September 9th Our speaker was Dr Douglas Lockhart, on “Benevolence and Bazaars”. He took us, from covered markets in Persia, through the ‘Caledonian Bazaar’ (1833 in Edinburgh) which included a museum, to bazaars as events, which by 1840 were a staple device for fund-raising, suitable for ladies and patronised by the gentry. By the 1860s local militias regularly were funded by bazaars. By the 1870s there were professional designers of bazaars. A bazaar would have a special theme, like ‘Khartoum in Kirkcaldy’ (honouring General Gordon). Bazaars boomed - 58 mentioned in the Banffshire Journal in 1907 alone – and raised what were for the time vast sums. ‘Bazaar Books’ are collectibles. They fell off after the First World War. The talk was very professionally illustrated and Dr Lockhart showed his mastery of the field even further in answering questions. The whole topic showed itself full of entrancing detail.

 October 14th Our speaker was Maggie Craig, well-known for her books on the Jacobites. Her topic was Henrietta (“Hetty”) Tayler, who with her brother Alistair was a renowned North-East historian. Descended from the Duffs, they wrote The Book of the Duffs. Maggie had written Henrietta Tayler: Scottish Jacobite Historian and First World War Nurse. The talk told how this quiet scholarly single lady of 40 went to nurse in field hospitals in the Great War, first on the Western Front then in Italy. Maggie had very apt illustrations, is an accomplished speaker, and obviously loved Hetty.
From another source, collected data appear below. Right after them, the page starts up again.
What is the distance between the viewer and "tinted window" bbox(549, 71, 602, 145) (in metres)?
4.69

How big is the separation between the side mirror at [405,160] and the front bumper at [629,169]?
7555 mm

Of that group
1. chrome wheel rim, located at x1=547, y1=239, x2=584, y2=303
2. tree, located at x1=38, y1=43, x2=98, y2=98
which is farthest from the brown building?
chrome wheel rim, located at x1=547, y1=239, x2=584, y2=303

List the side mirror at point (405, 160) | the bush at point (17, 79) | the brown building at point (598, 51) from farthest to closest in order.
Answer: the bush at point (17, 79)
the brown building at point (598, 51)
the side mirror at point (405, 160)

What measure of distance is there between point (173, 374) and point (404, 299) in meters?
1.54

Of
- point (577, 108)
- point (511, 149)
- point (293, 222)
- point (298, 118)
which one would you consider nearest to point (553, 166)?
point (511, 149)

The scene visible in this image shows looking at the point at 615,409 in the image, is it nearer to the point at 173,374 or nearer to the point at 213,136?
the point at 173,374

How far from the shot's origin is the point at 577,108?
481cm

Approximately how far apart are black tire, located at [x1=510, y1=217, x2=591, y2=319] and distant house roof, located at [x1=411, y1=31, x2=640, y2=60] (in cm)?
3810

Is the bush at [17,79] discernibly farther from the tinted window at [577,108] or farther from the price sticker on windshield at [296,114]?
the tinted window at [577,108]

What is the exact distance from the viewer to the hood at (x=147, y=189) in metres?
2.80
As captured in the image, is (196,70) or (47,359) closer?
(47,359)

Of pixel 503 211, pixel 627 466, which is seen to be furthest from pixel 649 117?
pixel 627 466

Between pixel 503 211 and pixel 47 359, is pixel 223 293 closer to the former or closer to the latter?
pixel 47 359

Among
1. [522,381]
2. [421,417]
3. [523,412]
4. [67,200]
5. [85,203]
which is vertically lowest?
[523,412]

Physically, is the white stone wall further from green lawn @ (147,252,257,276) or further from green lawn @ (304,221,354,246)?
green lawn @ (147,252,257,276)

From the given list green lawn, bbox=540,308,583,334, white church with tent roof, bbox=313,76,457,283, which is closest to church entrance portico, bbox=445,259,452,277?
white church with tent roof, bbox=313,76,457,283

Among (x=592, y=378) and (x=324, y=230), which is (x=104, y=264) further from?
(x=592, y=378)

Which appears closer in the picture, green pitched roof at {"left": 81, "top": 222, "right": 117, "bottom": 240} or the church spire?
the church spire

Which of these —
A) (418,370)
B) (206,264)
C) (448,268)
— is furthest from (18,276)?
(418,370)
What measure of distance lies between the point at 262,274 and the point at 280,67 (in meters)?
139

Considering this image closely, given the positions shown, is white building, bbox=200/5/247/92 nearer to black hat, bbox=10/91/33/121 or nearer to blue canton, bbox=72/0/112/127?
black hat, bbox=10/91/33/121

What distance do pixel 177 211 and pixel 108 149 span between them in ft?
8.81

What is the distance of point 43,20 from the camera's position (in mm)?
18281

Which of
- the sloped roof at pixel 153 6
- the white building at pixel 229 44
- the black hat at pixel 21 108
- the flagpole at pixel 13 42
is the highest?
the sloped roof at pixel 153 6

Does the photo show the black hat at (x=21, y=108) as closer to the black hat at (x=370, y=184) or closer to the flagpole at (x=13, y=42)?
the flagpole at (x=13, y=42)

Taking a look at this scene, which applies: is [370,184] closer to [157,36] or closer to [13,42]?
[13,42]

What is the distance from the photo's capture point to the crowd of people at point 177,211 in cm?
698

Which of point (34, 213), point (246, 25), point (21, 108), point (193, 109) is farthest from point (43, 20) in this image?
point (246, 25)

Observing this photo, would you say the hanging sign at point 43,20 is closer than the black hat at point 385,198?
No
The talk would be interesting to any group, but to the Field Club, to hear about a completely other side of someone whose natural home was the archives of North-East castles, whose writings are among our own publications (she actually addressed this Club in 1929) and whose handwriting I have on file, it was marvellous. And Maggie enjoyed the questions because they brought new facts to what she knew already.

November 11th Our speakers were Margaret Woodward and Charlotte Smith of the Elgin Writers’ Group. Their talk was entitled “An Adventure in Local Writing”. Margaret first told her own story of writing a novel Kilbaddie’s Bonnie Quine, which no publisher would handle because it was too Doric, even though it won the Constable Prize. So she published it herself. She took us usefully through the trials and pitfalls of self-publishing. It can be done. Charlotte had made up a story that made her family laugh, and gone on from there, through on-line forums to on-line publishing of her fantasy May-hem: a foul tale. She introduced us to ways of making contact with other writers and readers online. There are places where you can share your books for free, and find many readers. These were, as was said in the vote of thanks, two strong determined ladies creating their own success. We learned a lot.

The December talk was cancelled because of snow. (The speaker came back in February 2018 – see next year’s report).